_TASK OBJECTIVE_. Using the records below, write out again exactly the lines that begin at the line containing "Genuine Leather with" and end at the line containing "2012 Toyota Vellfire - Thumbnail", and no other lines.

─── SUPPLIED MATERIAL ───

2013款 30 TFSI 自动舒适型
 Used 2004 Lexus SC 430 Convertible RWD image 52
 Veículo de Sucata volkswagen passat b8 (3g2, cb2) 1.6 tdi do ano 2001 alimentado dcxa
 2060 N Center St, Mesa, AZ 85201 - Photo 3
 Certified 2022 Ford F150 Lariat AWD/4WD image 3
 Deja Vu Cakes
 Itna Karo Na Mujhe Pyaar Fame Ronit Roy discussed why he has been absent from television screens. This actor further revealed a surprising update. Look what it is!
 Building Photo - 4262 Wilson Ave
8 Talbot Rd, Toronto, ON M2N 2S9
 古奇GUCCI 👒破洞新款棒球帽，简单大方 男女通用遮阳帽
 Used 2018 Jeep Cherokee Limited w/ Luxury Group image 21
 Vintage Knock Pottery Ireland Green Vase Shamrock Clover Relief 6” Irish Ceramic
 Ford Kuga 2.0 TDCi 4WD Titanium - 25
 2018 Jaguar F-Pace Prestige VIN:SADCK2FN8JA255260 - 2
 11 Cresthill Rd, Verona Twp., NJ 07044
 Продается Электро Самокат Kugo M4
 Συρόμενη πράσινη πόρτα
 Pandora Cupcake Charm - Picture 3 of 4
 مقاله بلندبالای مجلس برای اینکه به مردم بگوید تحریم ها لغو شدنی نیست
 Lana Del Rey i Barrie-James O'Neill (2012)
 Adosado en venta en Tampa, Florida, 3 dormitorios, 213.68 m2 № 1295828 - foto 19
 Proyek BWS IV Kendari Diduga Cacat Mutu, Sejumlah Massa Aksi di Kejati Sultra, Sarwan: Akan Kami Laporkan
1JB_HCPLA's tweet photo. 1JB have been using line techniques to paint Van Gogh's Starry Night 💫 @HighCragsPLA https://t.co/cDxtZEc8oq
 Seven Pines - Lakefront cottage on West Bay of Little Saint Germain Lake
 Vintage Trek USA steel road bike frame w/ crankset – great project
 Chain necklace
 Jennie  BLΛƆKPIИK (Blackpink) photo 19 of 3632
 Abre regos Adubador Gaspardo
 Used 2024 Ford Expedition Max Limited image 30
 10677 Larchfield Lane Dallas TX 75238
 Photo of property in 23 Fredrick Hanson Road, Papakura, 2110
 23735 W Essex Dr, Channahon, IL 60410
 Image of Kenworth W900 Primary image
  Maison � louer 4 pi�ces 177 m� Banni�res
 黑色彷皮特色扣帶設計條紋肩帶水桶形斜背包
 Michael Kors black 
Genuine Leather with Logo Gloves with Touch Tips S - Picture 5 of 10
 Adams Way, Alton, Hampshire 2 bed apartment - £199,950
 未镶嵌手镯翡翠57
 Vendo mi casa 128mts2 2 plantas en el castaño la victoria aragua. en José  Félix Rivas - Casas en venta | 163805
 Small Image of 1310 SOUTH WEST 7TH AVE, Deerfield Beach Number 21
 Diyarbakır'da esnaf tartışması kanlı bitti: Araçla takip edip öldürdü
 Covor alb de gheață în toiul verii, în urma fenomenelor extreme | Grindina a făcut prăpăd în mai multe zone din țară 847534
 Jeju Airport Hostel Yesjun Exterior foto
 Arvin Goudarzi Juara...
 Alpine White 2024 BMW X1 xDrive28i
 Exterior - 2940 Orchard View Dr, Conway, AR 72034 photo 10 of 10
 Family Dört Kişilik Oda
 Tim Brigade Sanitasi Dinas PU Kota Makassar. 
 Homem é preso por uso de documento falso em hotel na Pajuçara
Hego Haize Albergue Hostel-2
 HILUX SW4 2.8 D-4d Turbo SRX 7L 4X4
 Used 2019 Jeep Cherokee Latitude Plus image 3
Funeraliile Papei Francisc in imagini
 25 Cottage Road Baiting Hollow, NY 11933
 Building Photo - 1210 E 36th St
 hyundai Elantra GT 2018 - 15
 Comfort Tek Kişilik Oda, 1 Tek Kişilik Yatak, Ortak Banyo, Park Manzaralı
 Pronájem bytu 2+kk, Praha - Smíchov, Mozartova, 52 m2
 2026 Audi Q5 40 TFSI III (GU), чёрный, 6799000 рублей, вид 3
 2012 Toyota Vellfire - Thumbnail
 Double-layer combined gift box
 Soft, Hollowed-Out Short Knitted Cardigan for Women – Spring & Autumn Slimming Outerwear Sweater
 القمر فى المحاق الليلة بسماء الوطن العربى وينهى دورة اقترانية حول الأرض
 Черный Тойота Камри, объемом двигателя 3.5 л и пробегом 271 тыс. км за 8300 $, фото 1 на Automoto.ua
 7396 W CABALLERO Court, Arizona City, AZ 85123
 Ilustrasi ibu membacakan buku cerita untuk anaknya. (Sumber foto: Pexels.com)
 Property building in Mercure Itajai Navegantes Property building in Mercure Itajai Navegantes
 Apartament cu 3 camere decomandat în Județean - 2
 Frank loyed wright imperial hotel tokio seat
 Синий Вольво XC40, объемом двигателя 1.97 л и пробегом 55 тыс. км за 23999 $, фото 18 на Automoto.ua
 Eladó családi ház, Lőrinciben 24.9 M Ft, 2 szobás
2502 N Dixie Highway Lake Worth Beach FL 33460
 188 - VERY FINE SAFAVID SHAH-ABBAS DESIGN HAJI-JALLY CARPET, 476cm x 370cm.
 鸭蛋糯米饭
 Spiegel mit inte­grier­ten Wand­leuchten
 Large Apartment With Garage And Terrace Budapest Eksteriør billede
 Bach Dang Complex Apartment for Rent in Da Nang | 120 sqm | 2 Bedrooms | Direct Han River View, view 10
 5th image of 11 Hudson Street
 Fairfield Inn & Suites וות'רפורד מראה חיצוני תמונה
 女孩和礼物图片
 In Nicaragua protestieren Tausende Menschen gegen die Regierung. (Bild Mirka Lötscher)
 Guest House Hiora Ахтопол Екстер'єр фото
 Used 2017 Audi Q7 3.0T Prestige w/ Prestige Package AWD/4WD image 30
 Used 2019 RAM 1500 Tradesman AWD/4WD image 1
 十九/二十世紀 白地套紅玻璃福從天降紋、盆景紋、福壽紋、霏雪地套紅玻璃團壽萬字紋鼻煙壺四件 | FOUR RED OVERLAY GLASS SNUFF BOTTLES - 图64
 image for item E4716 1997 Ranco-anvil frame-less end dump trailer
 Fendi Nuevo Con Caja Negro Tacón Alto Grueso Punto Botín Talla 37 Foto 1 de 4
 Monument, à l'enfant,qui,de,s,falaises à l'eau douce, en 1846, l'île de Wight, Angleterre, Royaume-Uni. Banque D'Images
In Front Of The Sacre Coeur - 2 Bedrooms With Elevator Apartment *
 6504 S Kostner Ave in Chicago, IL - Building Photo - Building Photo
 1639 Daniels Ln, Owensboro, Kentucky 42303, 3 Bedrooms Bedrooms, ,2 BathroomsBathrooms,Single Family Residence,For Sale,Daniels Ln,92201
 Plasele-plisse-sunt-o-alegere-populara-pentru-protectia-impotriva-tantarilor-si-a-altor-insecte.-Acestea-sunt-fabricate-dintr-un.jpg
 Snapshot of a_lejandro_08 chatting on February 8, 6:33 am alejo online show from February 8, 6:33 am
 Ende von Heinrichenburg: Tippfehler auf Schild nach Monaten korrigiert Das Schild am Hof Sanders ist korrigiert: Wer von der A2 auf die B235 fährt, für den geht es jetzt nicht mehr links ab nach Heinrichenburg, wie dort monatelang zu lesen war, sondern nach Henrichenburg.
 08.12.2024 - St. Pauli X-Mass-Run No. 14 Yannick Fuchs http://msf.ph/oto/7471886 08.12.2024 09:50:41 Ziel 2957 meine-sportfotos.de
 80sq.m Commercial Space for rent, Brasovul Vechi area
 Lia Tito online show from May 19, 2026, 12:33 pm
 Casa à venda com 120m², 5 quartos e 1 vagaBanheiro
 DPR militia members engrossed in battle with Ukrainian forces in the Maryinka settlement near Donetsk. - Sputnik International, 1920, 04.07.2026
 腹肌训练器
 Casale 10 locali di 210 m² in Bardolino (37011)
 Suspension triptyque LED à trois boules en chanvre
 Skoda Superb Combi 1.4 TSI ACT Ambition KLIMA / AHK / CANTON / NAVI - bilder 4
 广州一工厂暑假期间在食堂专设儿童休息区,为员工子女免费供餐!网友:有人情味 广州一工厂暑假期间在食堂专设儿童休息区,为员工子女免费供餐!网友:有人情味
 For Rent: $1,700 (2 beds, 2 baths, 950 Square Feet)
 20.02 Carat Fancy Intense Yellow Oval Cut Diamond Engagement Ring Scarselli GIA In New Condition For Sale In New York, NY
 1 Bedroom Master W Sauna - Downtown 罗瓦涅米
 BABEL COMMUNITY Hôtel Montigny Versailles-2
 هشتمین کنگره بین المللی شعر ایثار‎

───

_TASK OUTPUT_.
Genuine Leather with Logo Gloves with Touch Tips S - Picture 5 of 10
 Adams Way, Alton, Hampshire 2 bed apartment - £199,950
 未镶嵌手镯翡翠57
 Vendo mi casa 128mts2 2 plantas en el castaño la victoria aragua. en José  Félix Rivas - Casas en venta | 163805
 Small Image of 1310 SOUTH WEST 7TH AVE, Deerfield Beach Number 21
 Diyarbakır'da esnaf tartışması kanlı bitti: Araçla takip edip öldürdü
 Covor alb de gheață în toiul verii, în urma fenomenelor extreme | Grindina a făcut prăpăd în mai multe zone din țară 847534
 Jeju Airport Hostel Yesjun Exterior foto
 Arvin Goudarzi Juara...
 Alpine White 2024 BMW X1 xDrive28i
 Exterior - 2940 Orchard View Dr, Conway, AR 72034 photo 10 of 10
 Family Dört Kişilik Oda
 Tim Brigade Sanitasi Dinas PU Kota Makassar. 
 Homem é preso por uso de documento falso em hotel na Pajuçara
Hego Haize Albergue Hostel-2
 HILUX SW4 2.8 D-4d Turbo SRX 7L 4X4
 Used 2019 Jeep Cherokee Latitude Plus image 3
Funeraliile Papei Francisc in imagini
 25 Cottage Road Baiting Hollow, NY 11933
 Building Photo - 1210 E 36th St
 hyundai Elantra GT 2018 - 15
 Comfort Tek Kişilik Oda, 1 Tek Kişilik Yatak, Ortak Banyo, Park Manzaralı
 Pronájem bytu 2+kk, Praha - Smíchov, Mozartova, 52 m2
 2026 Audi Q5 40 TFSI III (GU), чёрный, 6799000 рублей, вид 3
 2012 Toyota Vellfire - Thumbnail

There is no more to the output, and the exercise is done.